Exploring Stack Machines: Compiling high level languages to Stack Machine code

At the end of my previous article we had a fully featured stack machine that is Turing complete – meaning that it is capable of “universal computation”. We already have an assembly language for our stack machine, but programming in assembly gets tedious fast. That means if we want to program in anything besides assembly for our stack machine, we are going to have to write a compiler for it. That is a whole lot easier said than done..

To keep things simple at first, we are going to write a compiler that takes in a mathematical expression, and outputs a program that can be run on our stack machine to get the answer. There is a lot of theory that needs to be covered in order for this to make sense, and there is really no way around it, so grab a snack and something to drink and get comfortable because were about to dive down one heck of a rabbit hole.

A Little Blurb About Compilers

A compiler, at its heart, is a translator. It takes as input data in format A and outputs data in format B. This can mean translating english to spanish, or it could mean translating Pascal to assembly – it works the same way.

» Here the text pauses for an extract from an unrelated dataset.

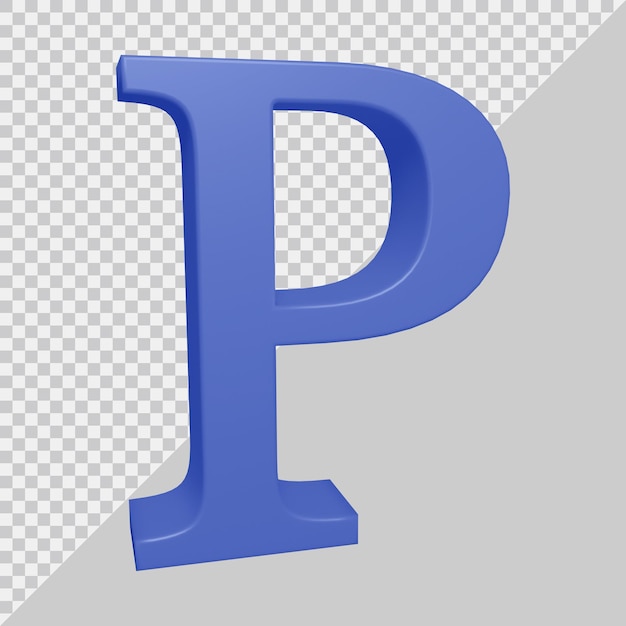 3D-Rendering des Alphabetbuchstaben p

That is, both natural languages and programming languages have syntaxes, and syntaxes are made up of grammars. Grammars are a set of rules that quite the structure of the language. Through careful analysis of the input and the correct application of these rules, in the correct order, we can translate between language A and B.

Compilation happens in phases, with different parts of the compiler handling different tasks. The different tasks of a compiler are:

  • lexical analysis
  • parsing
  • semantic analysis
  • error checking
  • code generation

Lexical analysis is handled by the lexer the lexer takes a string of characters and turns them into a stream of annotated tokens. This stream of tokens is used as input to the parser. The parser performs the semantic analysis, converting our string of tokens into an abstract syntax tree. The abstract syntax tress is an intermediate representation of our program. It can serve as the input for an optimizer, a code generator, or an interpreter. This is the “front end” of the compiler, and the focus of this paper.

There are some other parts too, such as symbol tables, and debugging aids, etc. Not to mention the back end, which in our case is the stack machine we developed in my previous two posts. A compiler can be as simple or complex as you want to make it. Some compilers make multiple reads through the input, making changes to the structure of the code, replacing with symbols with values, perform type checking with each pass. These are called multi pass compilers. Others make just one read of the input and these are called single pass compilers. Some compilers focus on the efficiency of the code they generate and are called optimizing compilers.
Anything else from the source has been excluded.